Here, we present a proof of the continuity of $e^x$ that relies on elementary tools only, including a basic set of inequalities for the exponential function.

PRIMER:

In THIS ANSWER, I showed using only the limit definition of the exponential function and Bernoulli's Inequality that the exponential function satisfies the inequalities

$$\bbox[5px,border:2px solid #C0A000]{1+x\le e^x\le \frac{1}{1-x}} \tag 1$$

for $x<1$.


To show that $e^x$ is continuous at $x_0$ we write

$$\begin{align} e^x-e^{x_0}=e^{x_0}(e^{x-x_0}-1) \tag 2 \end{align}$$

where we used the property $e^xe^y=e^{x+y}$ which I proved in THIS ANSWER.

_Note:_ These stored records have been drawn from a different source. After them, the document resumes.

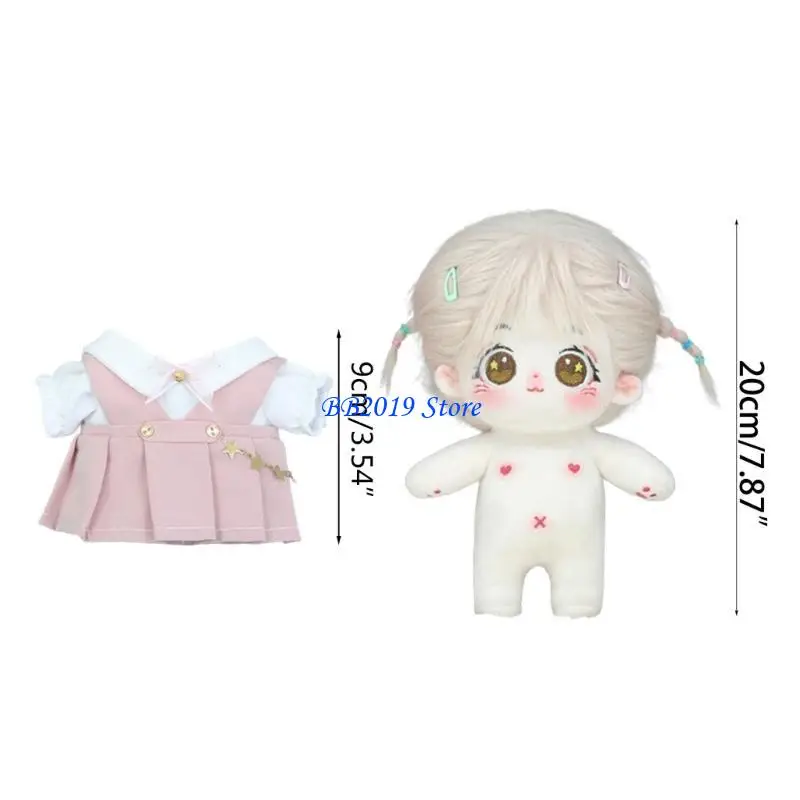 Q0KB 8’’ Plush Doll Clothes for 20CM Cotton Reborns Life Like Rag-Doll Outfit Suit Doll Clothing Korean Kpop Doll Accessory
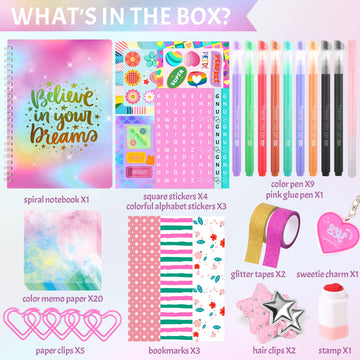Nsrzua Gifts For 8 9 10 11 12 13 14 Year Old Girl - Diy Journal Kit For Girls,Toys For Ages 8-14 Girls And Birthday Gifts For Gi
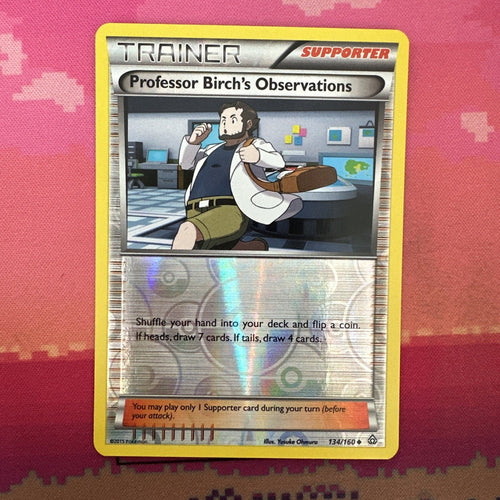 Pokemon Card Professor Birch's Observations Reverse Holo 134/160 Near Mint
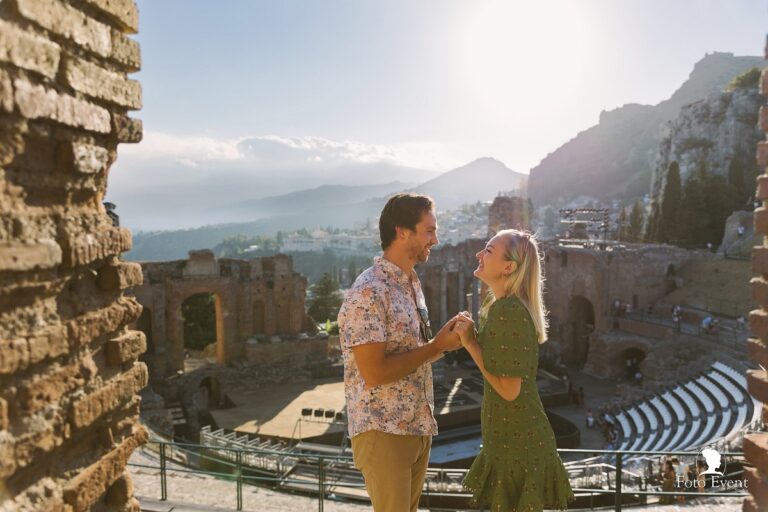 Wedding proposal in Ancient theatre Taormina
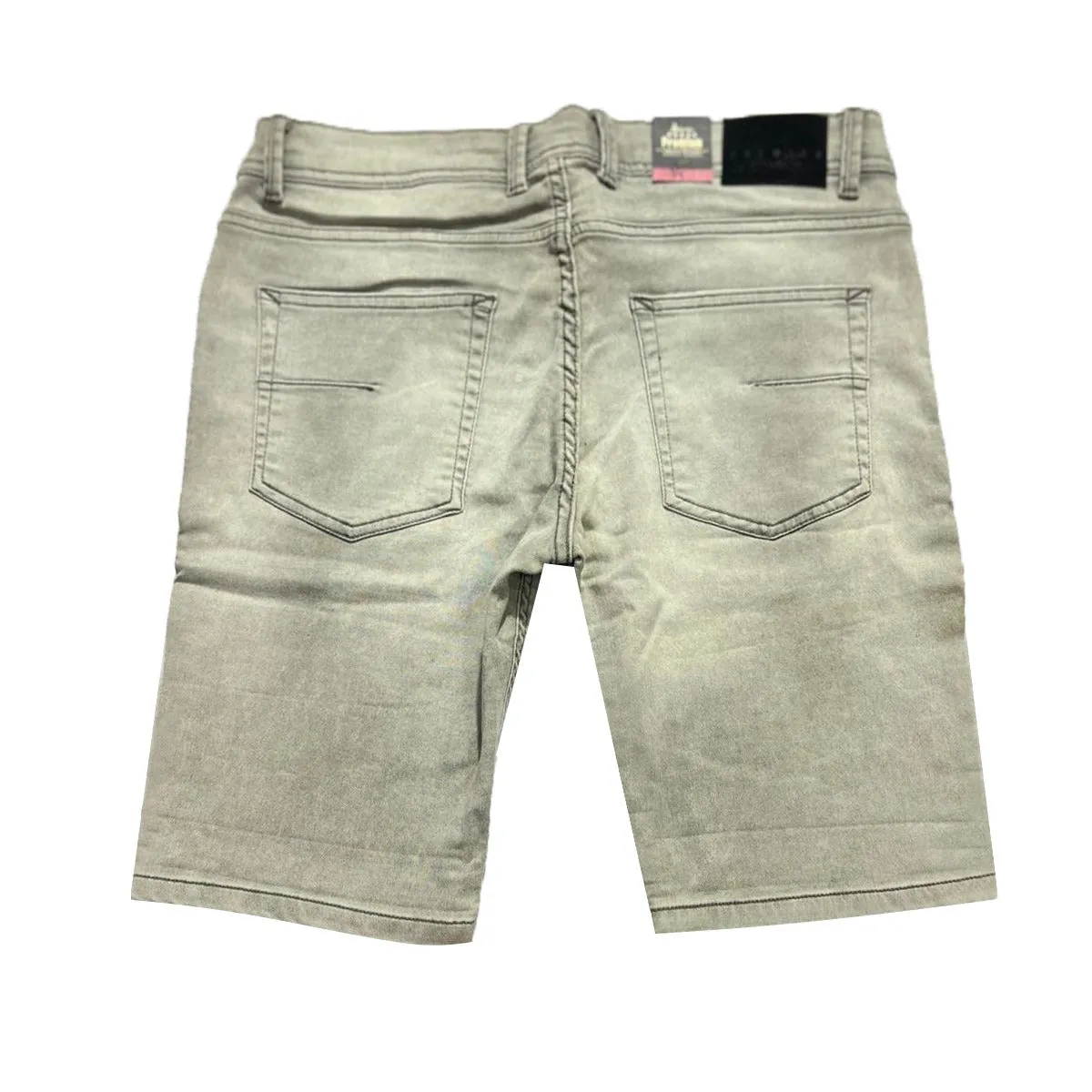 Stretchable Two Quarter Men Denim Short - Gray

We restrict $x$ so that $ |x-x_0| < 1$. Then, applying $(1)$ to $(2)$, we find that

$$\begin{align} e^{x_0}(x-x_0)\le e^x-e^{x_0} \le e^{x_0}\frac{x-x_0}{1-(x-x_0)} \end{align}$$

whereby application of the squeeze theorem reveals

$$\lim_{x\to x_0}(e^x-e^{x_0})=0$$

Therefore, $e^x$ is continuous at $x_0$ for all $x_0$.